Microgrids provide a DC distribution system inside of a building or small area. On-site renewables or energy storage can feed DC power to the grid without inverter losses and electronic devices can consume power without rectifier losses. When it’s necessary to draw on the local utility grid, a single rectifier converts the grid power to the local DC grid voltage.
How do ethernet and the microgrid work together?
Ethernet cables (generally CAT-6) provide a common wiring platform for a low-voltage DC power grid. Each CAT-6A cable has 8 smaller wires inside a protective sleeve. POE uses two pairs of these wires to provide approximately 50W to the end-use device. The remaining two pairs can be used to carry data to and from the controlled device. In lighting, this may be a dimming signal, an on-off command, or a power measurement in PoE Lighting Efficiency.
Pros of POE Systems
Fewer Electrical Hazards
POE power-carrying line pairs typically carry 48V, well below the Class 2 wiring threshold of 60V. As such, work on these systems can be performed by less-expensive labor categories (depending on local regulations).
Since the electrical wire is Class 2, conduit is not specifically required. This can reduce the first cost, although this may carry some risk (see below).
Power over Ethernet (PoE) supports low voltage technologies like LED lighting systems, sensors, and HVAC controllers that have become standard in today’s commercial office building. PoE power devices draw less power than legacy devices, and because they are smart, they can turn off and on automatically. PoE energy costs are low and getting even lower, as smart office spaces are becoming more and more efficient. These sensing capabilities are making commercial office space more affordable for businesses to lease and own.
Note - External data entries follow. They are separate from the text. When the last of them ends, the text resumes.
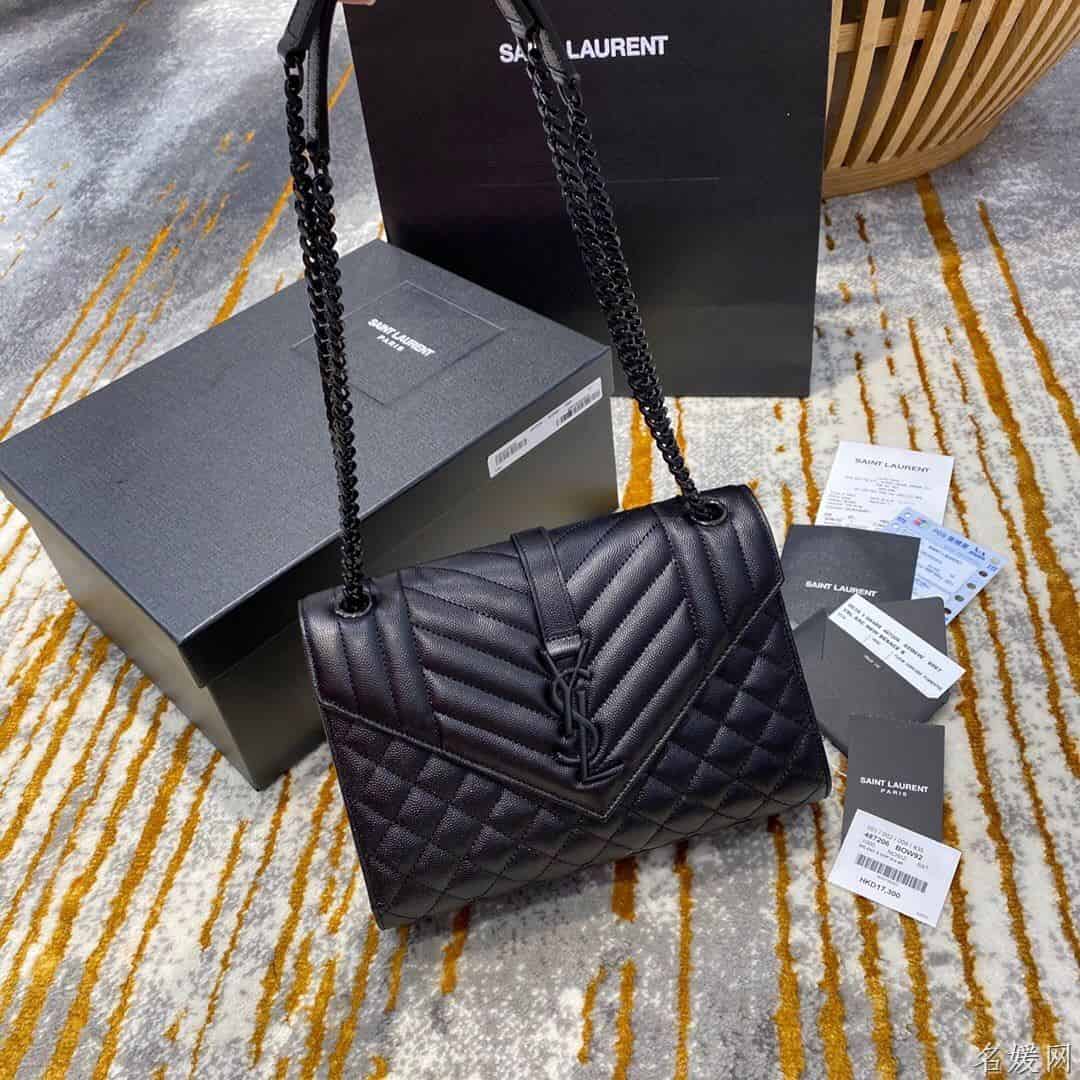 YSL 经典SATCHEL中号黑色粒纹复合提花皮革手袋 487206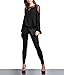 Blooming Jelly Women's Elegant Long Sleeve Lace Patchwork Keyhole Strap Chiffon Top Blouse(XL, Black)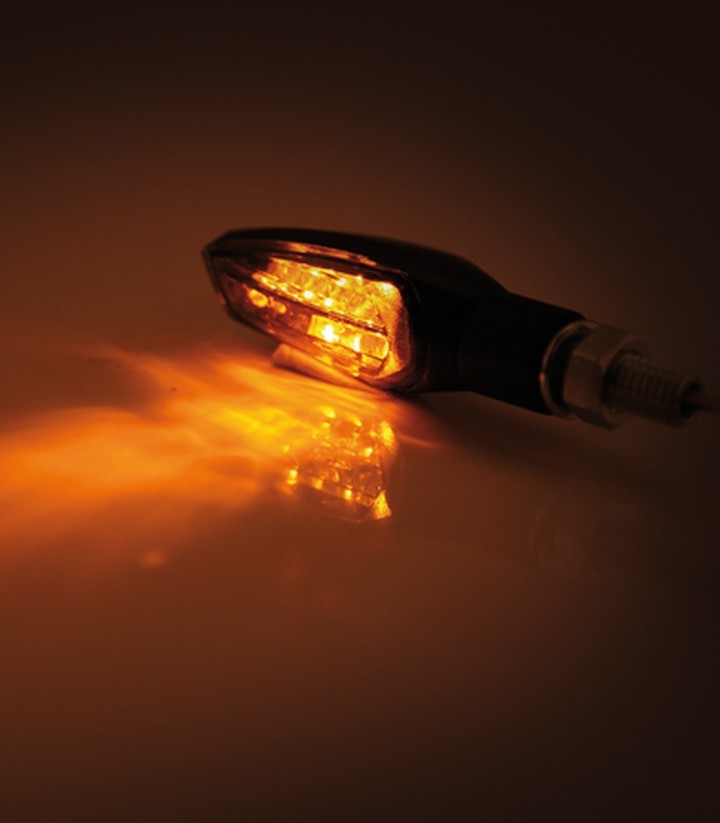 LED-Blinker Highsider Nova Schwarz mit getöntem Glas
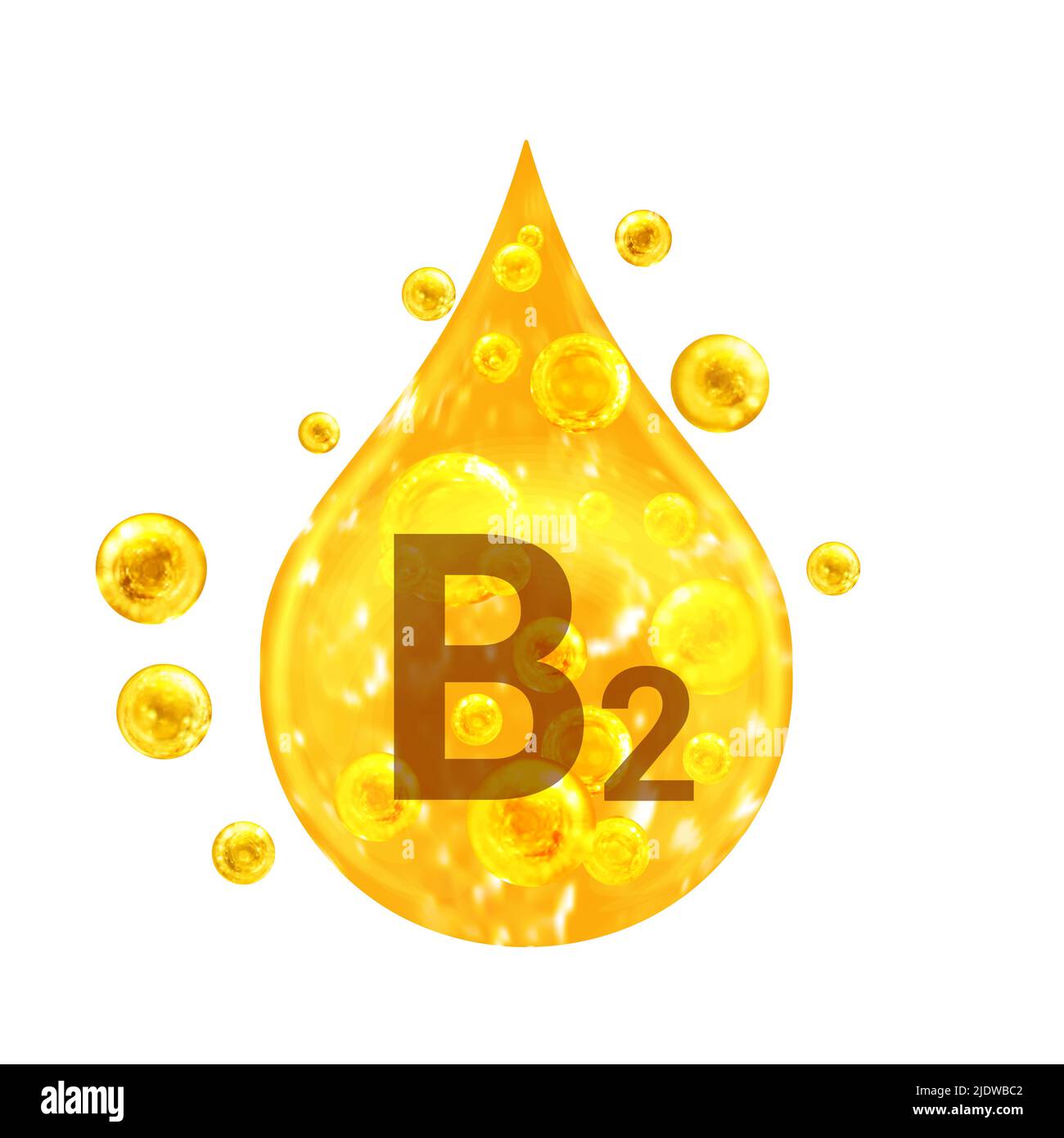 Vitamin B2. Images golden drop and balls with oxygen bubbles. Health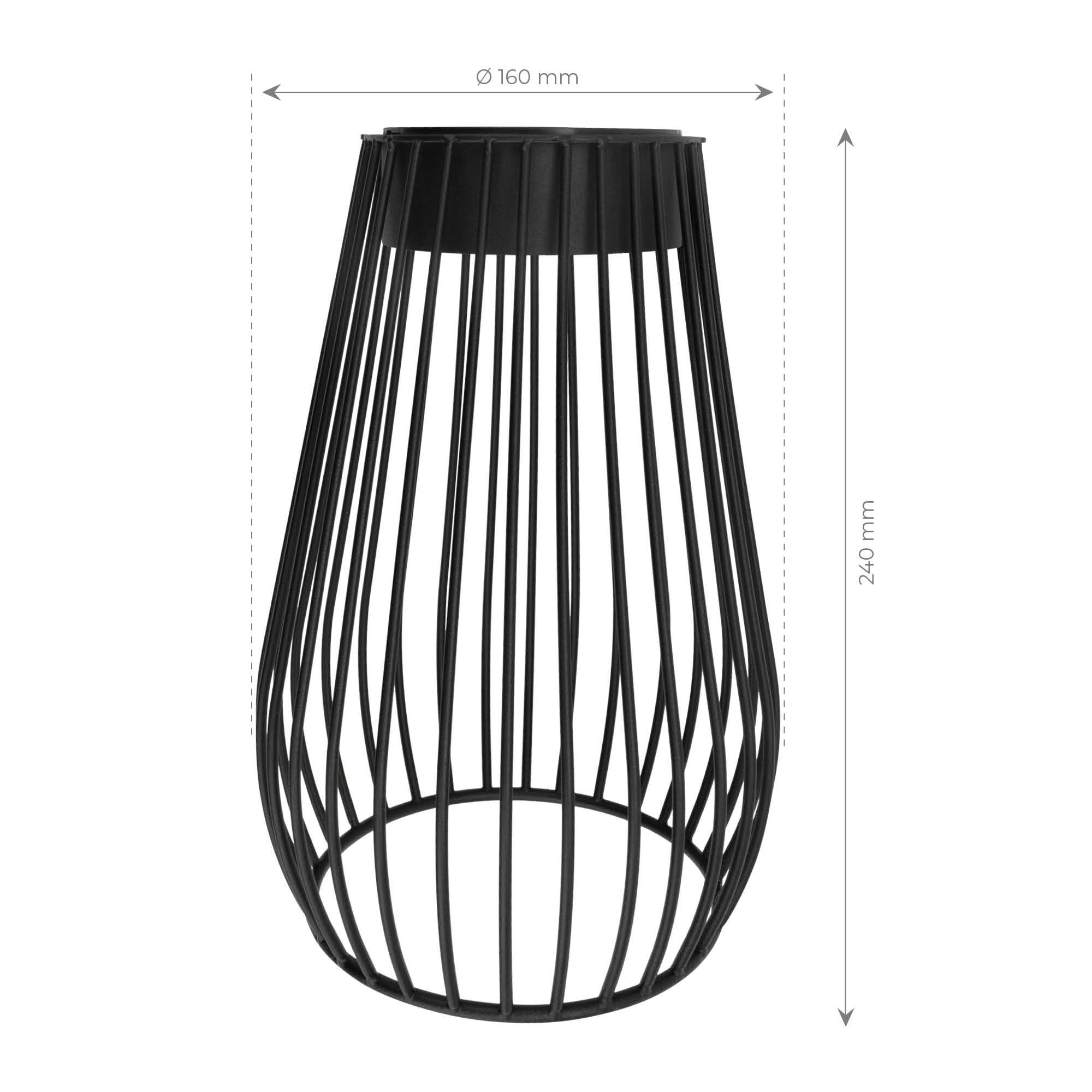 Ledvion - Lampada Solare LED da Tavolo, 0.25W, 3000K, IP44, Nera & Conica, Energia Solare, Efficiente & Resistente alle Intemperie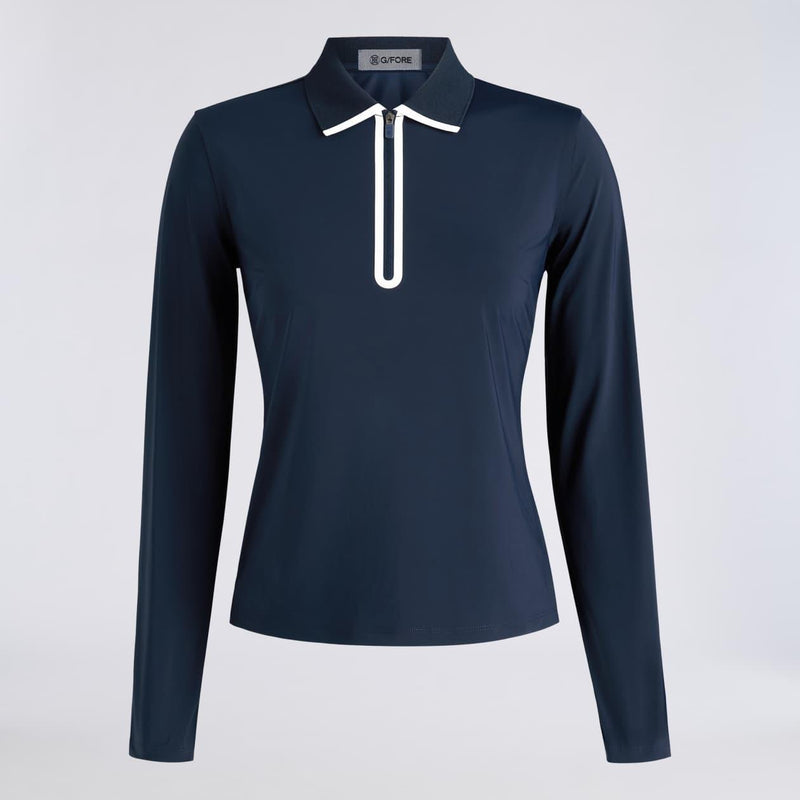 Silky Tech Nylon Zip LS Polo Twilight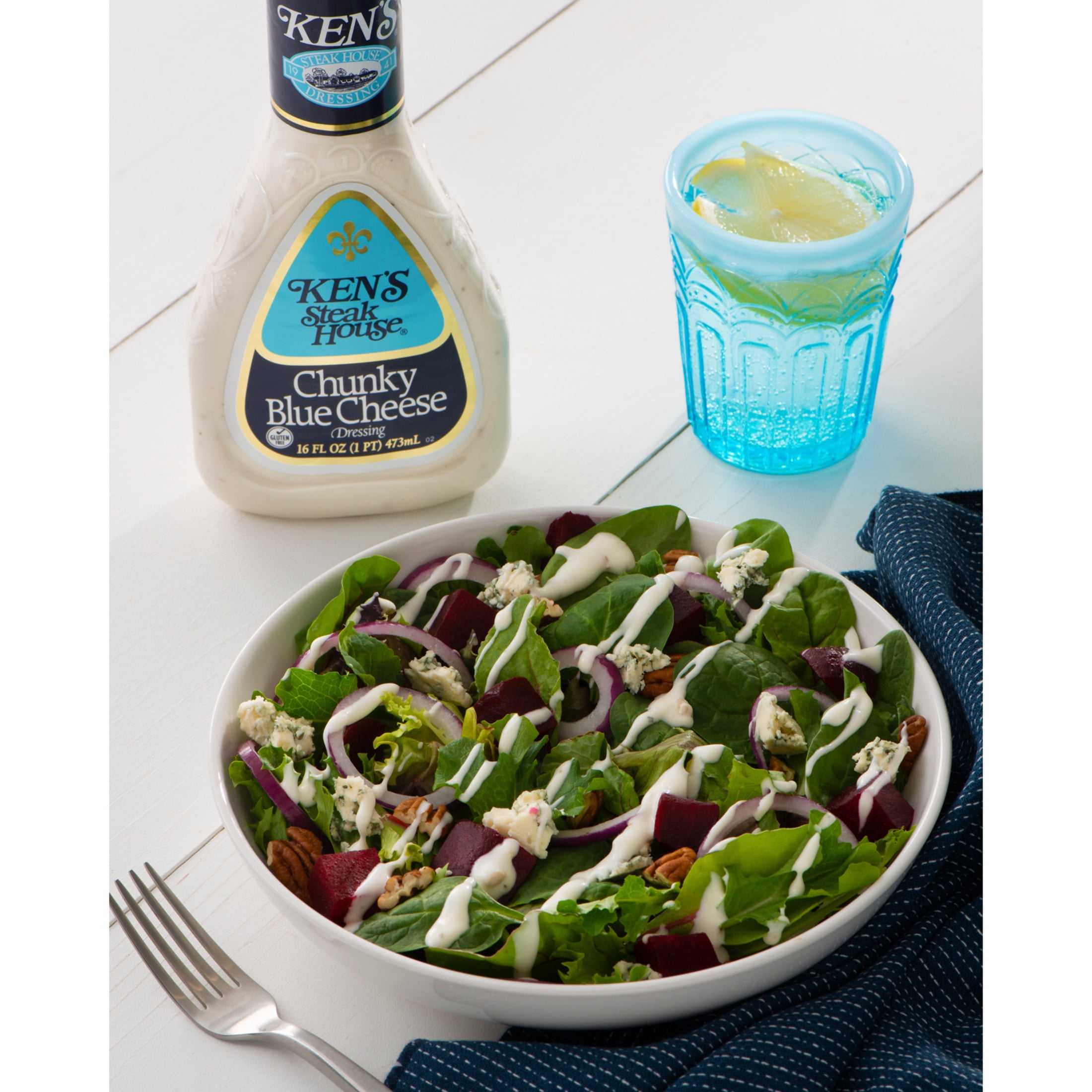 (2 pack) Ken's Steak House® Chunky Blue Cheese Salad Dressing 16 fl oz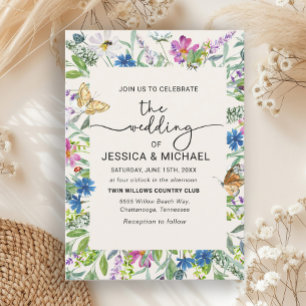 Wildflowers Butterflies Frame Handwritten Invitation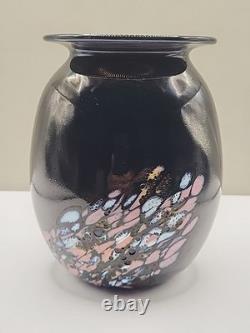 Odd Ingar Karlengen Hallingglass Norway Art Glass Vase 1988 Signed With Sticker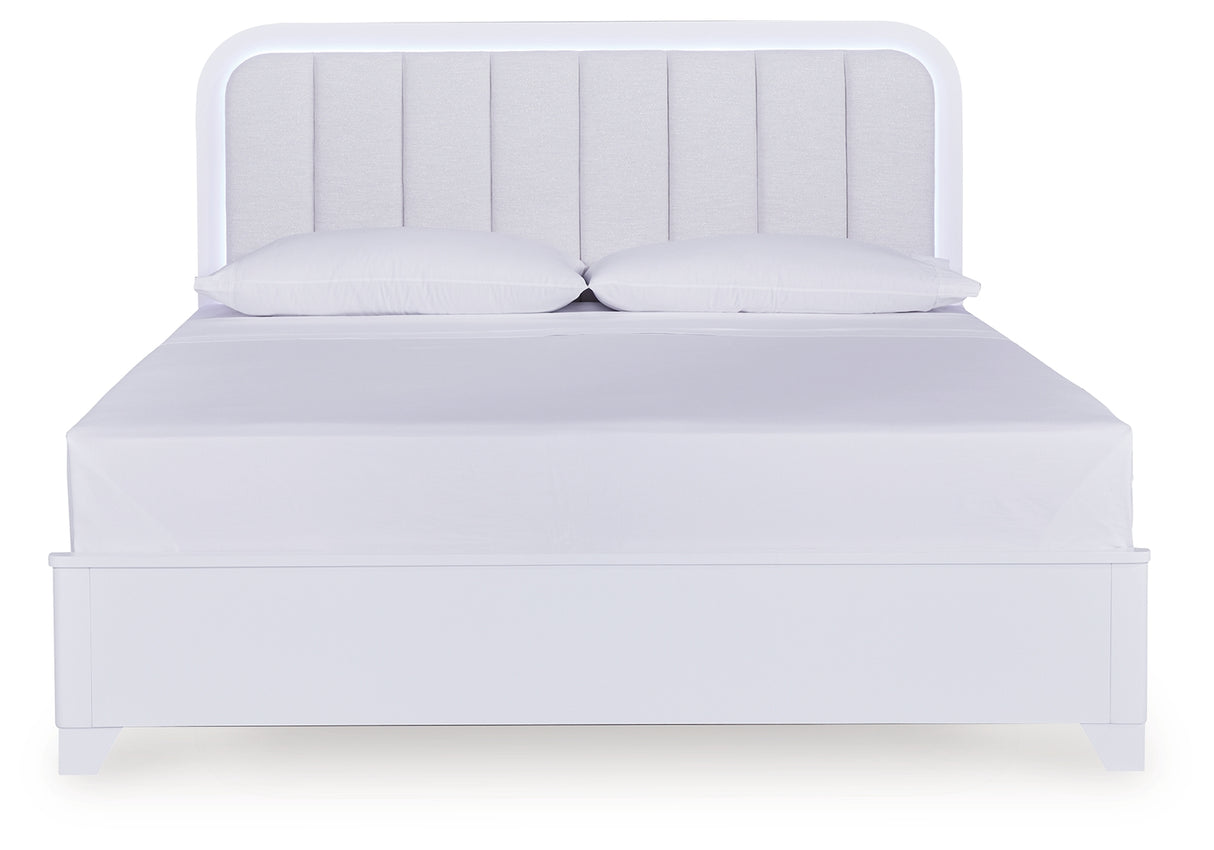 Jarlee White California King Upholstered Panel Bed from Ashley - Luna Furniture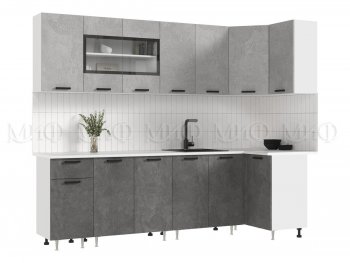 Угловой кухонный гарнитур Рио New ЛДСП 2600*1000 мм бетон (Миф) в Кировграде - kirovgrad.mebel-e96.ru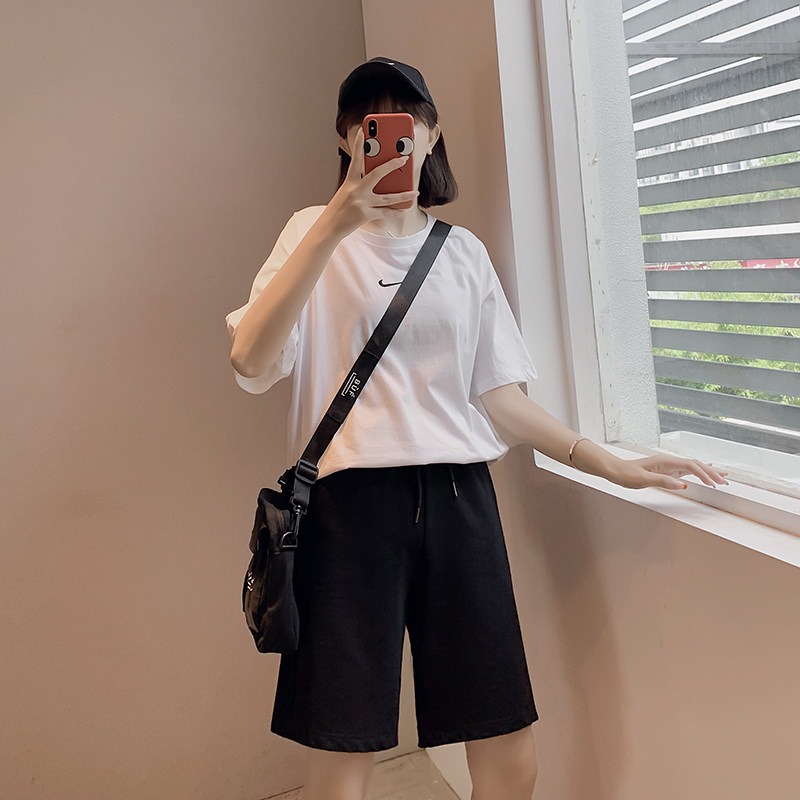 Sports shorts women's summer thin section loose 2021 new high waist straight tube slimming large size fat mm cotton five-point five-point pants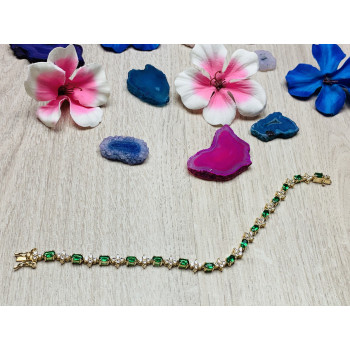 Sky Jewelry Серебряный браслет в позолоте с фианитами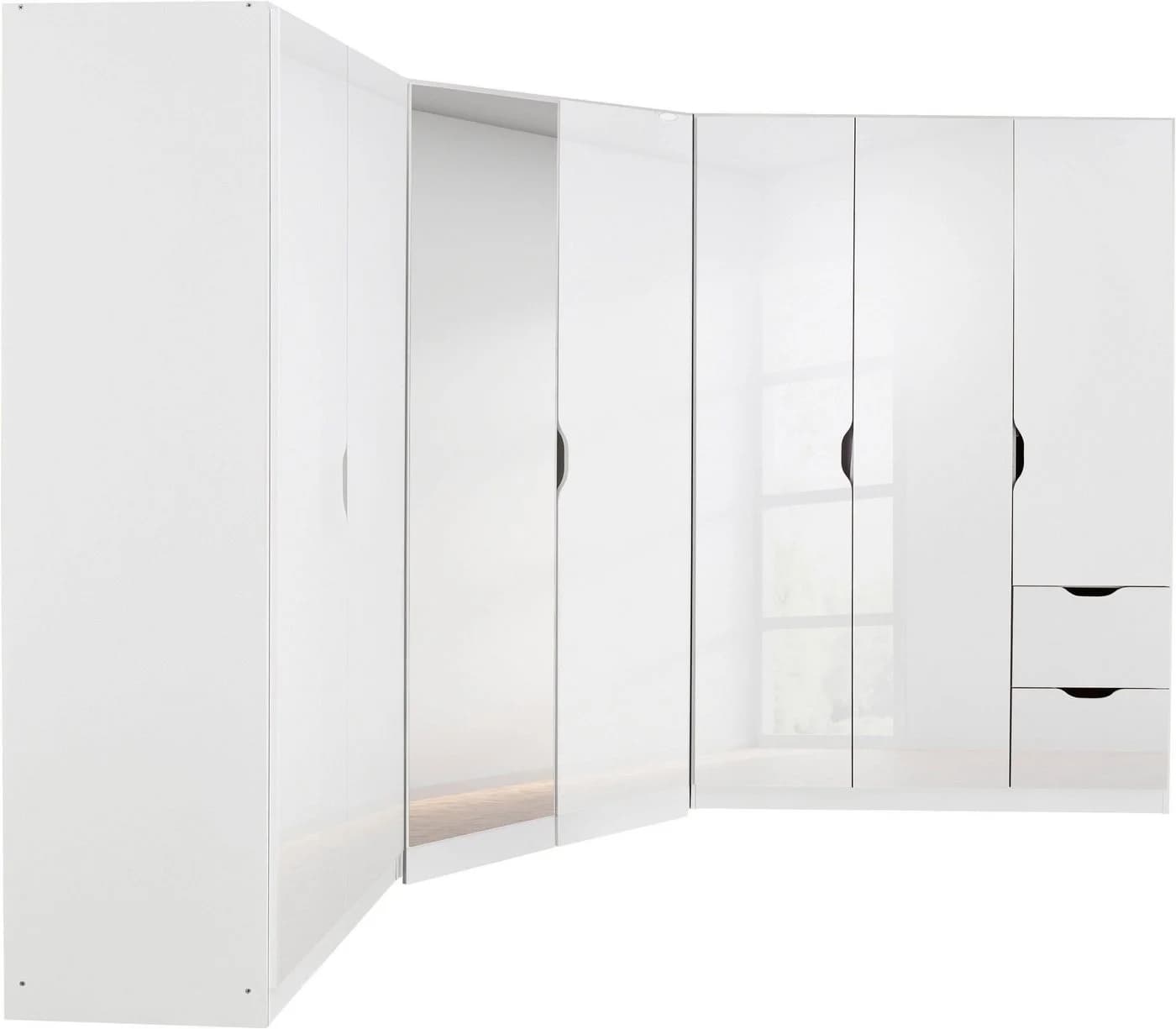 Schrank-Set RAUCH Freiham 3-teilig Weiß Hochglanz Made in Germany - Bild 2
PoE Lighting Efficiency An Important Role In A Digital Ecosystem
Smart building technology is being applied to create a digital ecosystem where insight into usage and optimization can be harnessed to improve the utilization of the space and the environment for those who occupy it. This data, in turn, provides insights that were never achievable before, and allow businesses to create connected applications and services that deliver new capabilities and value to employees and customers.
Luminetworx PoE Building, PoE Technology,
The Smart Connected Lighting System for Offices, Retail, Residential and more.
One way to address all of these challenges is to choose the right IoT platform for the building that can provide flexibility to customize a your facility’s building to its unique needs. While current LED technology and intelligent lighting controls can reduce energy costs, alone they solve only one challenge. The Luminetworx lighting control system and PoE lighting is a complete smart lighting solution yet has the capability to be one solution for many problems. Luminetworx’s patented PoE Lighting & IoT platform can integrate with other building applications into one centralized system. This empowers the client to improve the quality of service by carefully managing the client’s needs. For example in healthcare circadian rhythms, monitoring noise levels, employing low lighting when needed, maintaining comfortable temperatures depending on space and light, optimizing staff resources, and ensuring patients feel safe and comfortable.